How we decided to overcome this problem is:

  1. add a column to the change notes table to record the version number or edition id held by Publishing API.
  2. When a change note is recorded, leave the edition id blank.
  3. add a post publish task that gets the id of latest edition from Publishing API and uses it to populate every change note for the step by step where the edition id is blank.

This approach to change notes means that if there is a time in the future when we want to compare all previous versions of the step by step, we will be able to load them from Publishing API, and then match them to their corresponding change note using the edition id. No extra work will be need to record and view a change note in the UI.

Other Approaches considered: Restructure the collections-publisher database

The other option we considered is restructuring the database by treating the StepByStepPage model as an "Edition", and adding a new model called "Document".

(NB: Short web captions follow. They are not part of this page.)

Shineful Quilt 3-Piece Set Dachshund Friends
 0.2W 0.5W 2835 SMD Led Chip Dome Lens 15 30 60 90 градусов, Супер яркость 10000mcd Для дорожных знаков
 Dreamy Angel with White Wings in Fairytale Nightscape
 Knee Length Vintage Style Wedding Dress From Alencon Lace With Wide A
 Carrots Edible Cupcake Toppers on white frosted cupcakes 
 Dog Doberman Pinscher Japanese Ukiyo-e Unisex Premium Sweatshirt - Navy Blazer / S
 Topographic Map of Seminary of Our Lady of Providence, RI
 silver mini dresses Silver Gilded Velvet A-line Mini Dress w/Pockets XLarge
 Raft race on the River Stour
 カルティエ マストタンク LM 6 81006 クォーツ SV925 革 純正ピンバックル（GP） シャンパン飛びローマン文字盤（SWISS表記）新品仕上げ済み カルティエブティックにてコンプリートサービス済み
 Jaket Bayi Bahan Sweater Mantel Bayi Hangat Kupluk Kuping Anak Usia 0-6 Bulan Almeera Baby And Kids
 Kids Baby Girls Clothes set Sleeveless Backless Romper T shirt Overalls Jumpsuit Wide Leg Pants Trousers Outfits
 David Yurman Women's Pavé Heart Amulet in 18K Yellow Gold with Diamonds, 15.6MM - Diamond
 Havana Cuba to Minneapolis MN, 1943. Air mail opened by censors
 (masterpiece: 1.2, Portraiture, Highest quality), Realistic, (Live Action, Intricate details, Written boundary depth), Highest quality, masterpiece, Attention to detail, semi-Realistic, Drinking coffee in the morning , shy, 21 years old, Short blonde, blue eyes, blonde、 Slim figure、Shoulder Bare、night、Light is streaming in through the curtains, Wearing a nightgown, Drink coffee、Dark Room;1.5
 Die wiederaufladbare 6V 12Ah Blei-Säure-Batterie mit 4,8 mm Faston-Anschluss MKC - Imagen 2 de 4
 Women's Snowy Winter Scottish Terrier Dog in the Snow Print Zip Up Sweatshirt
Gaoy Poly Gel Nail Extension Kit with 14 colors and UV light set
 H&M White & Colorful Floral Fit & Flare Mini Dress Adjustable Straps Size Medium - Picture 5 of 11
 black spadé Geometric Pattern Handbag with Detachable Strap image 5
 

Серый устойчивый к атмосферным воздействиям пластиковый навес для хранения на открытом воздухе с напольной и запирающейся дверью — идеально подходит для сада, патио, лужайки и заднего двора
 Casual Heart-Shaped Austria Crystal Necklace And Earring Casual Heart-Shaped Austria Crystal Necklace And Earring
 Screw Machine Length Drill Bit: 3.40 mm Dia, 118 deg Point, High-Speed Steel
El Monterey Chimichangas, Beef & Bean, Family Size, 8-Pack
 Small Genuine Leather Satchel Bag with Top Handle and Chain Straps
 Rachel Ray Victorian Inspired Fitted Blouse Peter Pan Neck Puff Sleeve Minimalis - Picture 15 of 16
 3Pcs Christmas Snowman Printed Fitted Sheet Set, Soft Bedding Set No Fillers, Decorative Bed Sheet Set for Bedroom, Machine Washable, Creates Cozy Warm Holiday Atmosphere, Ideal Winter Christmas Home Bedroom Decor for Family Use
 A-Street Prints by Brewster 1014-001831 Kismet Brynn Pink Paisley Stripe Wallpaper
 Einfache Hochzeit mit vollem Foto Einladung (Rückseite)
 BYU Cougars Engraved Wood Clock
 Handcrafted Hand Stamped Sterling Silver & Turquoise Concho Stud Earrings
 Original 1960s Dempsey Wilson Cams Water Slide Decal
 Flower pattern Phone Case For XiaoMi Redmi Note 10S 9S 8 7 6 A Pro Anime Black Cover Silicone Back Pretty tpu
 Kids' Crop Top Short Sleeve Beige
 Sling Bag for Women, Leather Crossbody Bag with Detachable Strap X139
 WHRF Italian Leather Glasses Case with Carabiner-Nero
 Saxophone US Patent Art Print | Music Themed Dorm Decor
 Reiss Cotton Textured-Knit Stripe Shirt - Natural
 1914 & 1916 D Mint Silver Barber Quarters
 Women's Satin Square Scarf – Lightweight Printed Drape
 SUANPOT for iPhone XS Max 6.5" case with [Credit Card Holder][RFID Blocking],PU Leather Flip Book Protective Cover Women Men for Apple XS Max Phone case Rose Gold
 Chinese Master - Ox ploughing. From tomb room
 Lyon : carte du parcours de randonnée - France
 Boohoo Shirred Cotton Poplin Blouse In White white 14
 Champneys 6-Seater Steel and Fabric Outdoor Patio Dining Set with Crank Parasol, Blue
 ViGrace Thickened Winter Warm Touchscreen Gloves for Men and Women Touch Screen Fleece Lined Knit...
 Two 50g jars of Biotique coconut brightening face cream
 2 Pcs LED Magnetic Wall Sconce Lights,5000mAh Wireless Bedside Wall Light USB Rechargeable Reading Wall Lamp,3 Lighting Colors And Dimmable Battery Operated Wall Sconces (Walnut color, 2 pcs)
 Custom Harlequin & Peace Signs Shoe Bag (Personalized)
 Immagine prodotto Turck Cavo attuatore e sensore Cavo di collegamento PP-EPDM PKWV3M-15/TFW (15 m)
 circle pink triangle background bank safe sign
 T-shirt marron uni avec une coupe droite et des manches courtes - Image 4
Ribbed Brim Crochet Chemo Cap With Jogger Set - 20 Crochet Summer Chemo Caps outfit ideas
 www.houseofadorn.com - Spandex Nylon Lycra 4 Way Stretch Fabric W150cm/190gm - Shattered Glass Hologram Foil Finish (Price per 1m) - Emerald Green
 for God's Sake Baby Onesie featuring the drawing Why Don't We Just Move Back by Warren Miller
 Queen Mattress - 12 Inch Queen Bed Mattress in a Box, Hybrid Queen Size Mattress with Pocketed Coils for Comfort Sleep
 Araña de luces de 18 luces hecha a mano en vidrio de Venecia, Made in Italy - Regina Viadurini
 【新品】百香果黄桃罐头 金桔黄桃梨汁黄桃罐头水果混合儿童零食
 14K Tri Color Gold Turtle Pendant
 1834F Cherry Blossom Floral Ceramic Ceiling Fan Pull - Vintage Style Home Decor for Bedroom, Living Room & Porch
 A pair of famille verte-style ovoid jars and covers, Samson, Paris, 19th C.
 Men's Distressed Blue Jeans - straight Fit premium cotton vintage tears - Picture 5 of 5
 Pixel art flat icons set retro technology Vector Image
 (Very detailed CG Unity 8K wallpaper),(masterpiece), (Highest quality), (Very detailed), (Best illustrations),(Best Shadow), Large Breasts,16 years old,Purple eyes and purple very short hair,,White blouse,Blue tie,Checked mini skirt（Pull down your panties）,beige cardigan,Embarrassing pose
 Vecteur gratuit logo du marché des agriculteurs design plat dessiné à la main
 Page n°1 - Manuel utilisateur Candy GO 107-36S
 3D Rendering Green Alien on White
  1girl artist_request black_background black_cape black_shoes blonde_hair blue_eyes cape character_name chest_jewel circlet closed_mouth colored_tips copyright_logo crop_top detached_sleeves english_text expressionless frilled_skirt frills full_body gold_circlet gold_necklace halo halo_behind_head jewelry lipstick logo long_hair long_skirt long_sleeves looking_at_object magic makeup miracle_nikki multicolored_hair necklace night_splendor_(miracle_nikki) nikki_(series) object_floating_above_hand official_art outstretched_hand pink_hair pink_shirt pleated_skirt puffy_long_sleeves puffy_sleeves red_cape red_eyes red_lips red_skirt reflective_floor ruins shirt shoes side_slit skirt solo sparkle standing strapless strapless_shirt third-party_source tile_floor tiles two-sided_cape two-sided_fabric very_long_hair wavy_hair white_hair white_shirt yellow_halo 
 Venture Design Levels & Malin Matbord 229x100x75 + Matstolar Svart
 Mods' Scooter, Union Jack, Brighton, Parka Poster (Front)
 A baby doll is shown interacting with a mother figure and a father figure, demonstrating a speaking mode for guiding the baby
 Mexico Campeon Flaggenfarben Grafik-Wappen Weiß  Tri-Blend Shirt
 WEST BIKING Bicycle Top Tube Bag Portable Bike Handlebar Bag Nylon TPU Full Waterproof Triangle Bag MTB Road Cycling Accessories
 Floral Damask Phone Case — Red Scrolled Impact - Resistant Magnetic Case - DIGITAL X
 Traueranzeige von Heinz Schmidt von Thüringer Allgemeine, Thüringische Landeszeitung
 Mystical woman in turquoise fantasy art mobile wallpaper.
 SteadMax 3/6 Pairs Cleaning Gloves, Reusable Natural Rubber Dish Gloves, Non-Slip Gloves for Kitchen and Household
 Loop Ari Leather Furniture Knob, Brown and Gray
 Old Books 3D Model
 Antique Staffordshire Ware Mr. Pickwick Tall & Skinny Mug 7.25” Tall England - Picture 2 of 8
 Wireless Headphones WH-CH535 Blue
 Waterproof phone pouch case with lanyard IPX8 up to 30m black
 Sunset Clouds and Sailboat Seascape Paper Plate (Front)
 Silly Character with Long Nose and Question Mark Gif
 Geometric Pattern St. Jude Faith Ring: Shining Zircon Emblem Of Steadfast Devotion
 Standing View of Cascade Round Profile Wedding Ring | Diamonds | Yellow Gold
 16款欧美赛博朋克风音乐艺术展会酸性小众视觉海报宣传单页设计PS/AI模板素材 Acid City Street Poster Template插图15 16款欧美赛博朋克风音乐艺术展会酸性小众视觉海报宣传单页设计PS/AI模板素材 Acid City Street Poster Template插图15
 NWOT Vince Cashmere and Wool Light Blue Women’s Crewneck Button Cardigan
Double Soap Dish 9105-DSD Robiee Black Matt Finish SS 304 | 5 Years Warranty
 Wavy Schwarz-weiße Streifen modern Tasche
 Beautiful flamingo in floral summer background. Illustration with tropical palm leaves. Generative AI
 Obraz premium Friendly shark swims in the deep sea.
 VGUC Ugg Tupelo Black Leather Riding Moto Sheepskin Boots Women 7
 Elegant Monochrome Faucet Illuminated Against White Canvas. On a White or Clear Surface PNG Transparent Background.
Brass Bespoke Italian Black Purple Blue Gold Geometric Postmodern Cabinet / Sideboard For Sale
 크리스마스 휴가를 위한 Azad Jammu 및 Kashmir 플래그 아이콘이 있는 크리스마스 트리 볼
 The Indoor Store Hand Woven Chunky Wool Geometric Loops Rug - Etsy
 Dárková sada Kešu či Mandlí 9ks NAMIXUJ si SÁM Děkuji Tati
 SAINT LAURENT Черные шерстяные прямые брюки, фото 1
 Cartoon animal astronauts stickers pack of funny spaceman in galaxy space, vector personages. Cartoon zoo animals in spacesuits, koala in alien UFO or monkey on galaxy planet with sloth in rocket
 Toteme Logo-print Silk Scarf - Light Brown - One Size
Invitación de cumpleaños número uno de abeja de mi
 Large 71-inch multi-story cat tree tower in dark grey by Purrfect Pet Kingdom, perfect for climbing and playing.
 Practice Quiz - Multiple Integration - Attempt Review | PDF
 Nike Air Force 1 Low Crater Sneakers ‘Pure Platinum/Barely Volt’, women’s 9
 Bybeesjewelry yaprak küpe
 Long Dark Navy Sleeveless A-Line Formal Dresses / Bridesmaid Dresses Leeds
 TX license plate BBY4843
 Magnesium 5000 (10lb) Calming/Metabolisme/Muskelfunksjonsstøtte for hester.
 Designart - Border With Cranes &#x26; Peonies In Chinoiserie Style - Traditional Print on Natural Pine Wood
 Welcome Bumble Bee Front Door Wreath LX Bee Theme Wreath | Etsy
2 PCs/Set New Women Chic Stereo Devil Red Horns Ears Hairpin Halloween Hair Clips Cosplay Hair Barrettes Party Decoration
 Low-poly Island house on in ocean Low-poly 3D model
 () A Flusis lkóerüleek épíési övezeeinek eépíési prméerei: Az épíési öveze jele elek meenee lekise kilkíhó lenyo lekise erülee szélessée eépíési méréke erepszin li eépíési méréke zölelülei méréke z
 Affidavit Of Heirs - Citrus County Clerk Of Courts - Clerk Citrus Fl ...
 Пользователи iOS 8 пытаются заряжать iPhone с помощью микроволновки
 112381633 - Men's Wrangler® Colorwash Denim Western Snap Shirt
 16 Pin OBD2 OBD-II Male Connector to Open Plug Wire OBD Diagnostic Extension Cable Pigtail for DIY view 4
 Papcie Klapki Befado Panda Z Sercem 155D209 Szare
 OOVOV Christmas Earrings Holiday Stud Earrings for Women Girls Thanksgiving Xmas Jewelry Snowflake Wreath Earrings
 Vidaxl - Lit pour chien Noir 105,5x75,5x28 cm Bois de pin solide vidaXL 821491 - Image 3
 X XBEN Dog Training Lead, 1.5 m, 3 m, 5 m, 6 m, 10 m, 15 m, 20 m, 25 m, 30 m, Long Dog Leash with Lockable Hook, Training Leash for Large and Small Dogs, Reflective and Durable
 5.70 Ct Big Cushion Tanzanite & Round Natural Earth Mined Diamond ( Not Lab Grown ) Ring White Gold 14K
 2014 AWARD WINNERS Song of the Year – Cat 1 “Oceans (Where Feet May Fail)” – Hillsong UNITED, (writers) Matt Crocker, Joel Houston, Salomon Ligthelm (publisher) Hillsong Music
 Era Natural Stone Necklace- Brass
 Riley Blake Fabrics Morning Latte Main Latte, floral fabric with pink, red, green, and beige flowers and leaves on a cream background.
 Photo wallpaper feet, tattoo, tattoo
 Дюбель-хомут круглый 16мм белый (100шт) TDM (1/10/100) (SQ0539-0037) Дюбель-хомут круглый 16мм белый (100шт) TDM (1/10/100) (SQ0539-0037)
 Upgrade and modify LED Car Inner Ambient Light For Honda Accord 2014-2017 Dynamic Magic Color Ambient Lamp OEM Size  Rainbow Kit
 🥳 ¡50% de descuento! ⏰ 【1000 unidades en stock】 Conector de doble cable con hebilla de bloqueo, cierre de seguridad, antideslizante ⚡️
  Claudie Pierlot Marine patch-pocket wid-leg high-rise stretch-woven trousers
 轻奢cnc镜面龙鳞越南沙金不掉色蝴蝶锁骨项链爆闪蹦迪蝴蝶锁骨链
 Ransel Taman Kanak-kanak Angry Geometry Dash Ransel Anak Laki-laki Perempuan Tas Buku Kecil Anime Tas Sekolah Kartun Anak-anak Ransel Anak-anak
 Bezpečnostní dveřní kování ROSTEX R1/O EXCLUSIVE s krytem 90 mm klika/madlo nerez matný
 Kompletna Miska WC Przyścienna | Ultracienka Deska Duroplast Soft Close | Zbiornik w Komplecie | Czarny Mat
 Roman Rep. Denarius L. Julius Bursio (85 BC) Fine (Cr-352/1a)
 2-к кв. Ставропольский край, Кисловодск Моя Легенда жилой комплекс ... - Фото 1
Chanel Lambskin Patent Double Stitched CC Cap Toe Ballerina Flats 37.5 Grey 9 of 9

There would only be one Document for each step by step that only contains data that doesn't change between versions (e.g, content_id). The StepByStepPage model could be modified to add a document_id as a foreign key on Document. So a Document would have many StepByStepPages.

Pros

  • Not overwriting local data
  • Not reliant on the Publishing API
  • Already links to change notes

Cons

  • Need to restructure the step by step index page to get the list of step by steps from Document and only load the latest edition
  • Building more functionality that needs to be maintained
  • The database size will grow exponentially
  • Storing duplicate data that's already being stored in Publishing API

Consequences

Publishing API does a reverse look-up for links. What this means for step by step pages is that, if we tell Publishing API that a list of content items is part of a step by step, Publishing API will find those content items, and do the reverse, i.e. tell the content items which step by step they are a part of.

This relationship is defined in the "links" section of content_items.

The "links" also stores which content items should not display the step by step in the sidebar. These content items are considered "related" to the step by step rather than "part of" it.

Publishing API does not store the changes to "links" that can occur between versions. This means that content designers will need to double-check the navigation rules (i.e which pages should not show the step by step side bar) before re-publishing the step by step.